The EFCA also mandates mediation and arbitration for the first union contract. Even where workers overcome obstacles and vote in a union, the companies typically continue union-busting tactics by refusing to bargain. According to Ronald Meisburg, general counsel for the NLRB, meritorious NLRB charges alleging illegal refusals to bargain by employers are filed in 28 percent of all newly certified bargaining relationships.

As the bill moves to the full committee, the AFL-CIO, Change to Win and individual unions including Autoworkers, Teamsters, Steelworkers and Service Employees are mounting a full-court press to block what they say corporate America is doing to pervert the rights of workers to join a union.
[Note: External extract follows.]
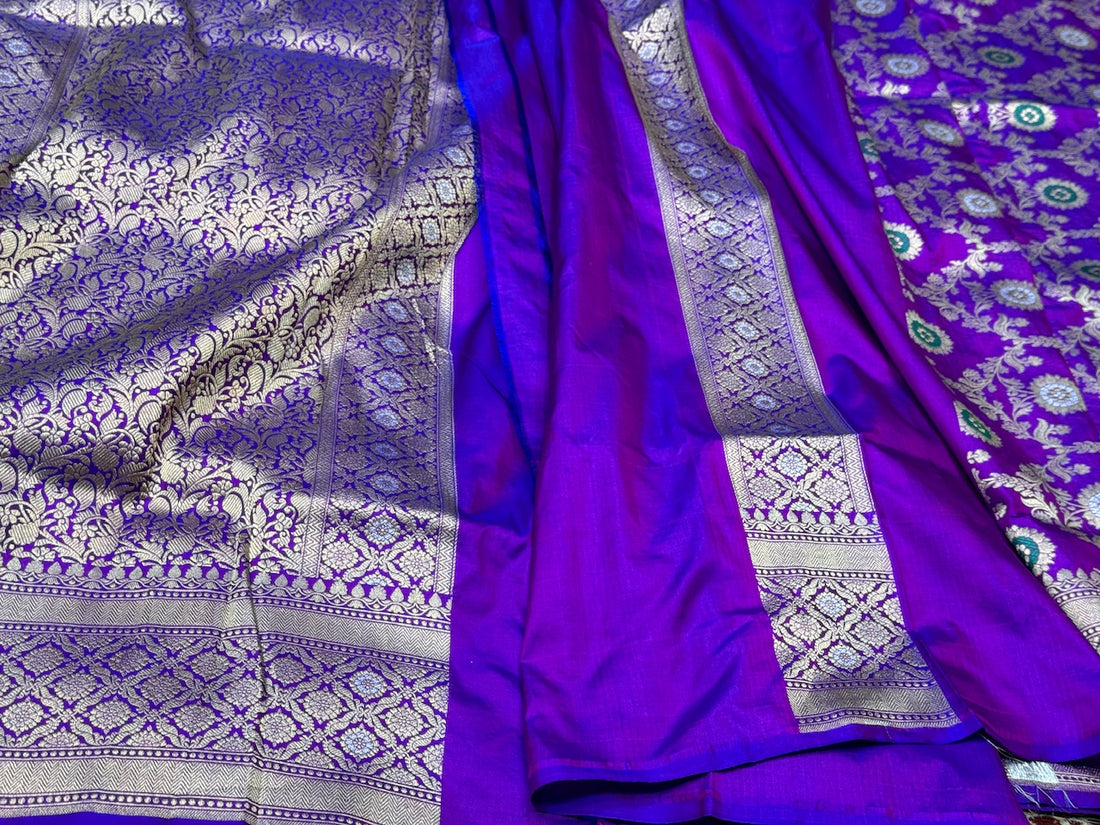 Purple Minakari Pure Silk Saree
In addition to public hearings, full page newspaper ads, blogs and e-mail campaigns are being launched to fuel the outrage necessary to pass this legislation.



Nothing free and open about NLRB elections

In testimony before the House Labor and Education Committee, AFL-CIO Associate Counsel Nancy Schiffel tore apart the often-used analogy of the company and union competing for the worker’s vote as in an election of candidates for public office.

“If general political elections were run like NLRB elections,” she said, “only the incumbent office holder, and not the challenger, would have access to a list of registered voters and their home addresses. Only the incumbent, and not the challenger, would be able to talk to voters, in person, every single day.

“The challenger, meanwhile, would have to remain outside the boundaries of the state or district involved and try to meet voters by flagging them down as they drive past. The election would always be conducted in the incumbent candidate’s party offices, with voters escorted to the polls by the incumbent’s staff.

“And finally,” she said, “during the entire course of the campaign, the incumbent, but not the challenger, would have the sole authority and ability to electioneer among the voters at their place of employment, during the entire time they are working. Moreover, the incumbent could pull them off their jobs and make them attend one-sided electioneering meetings whenever it wanted. And the incumbent could fire voters who refused to attend mandatory meetings, or if they tried to leave the meeting, or even if they questioned what was being said.”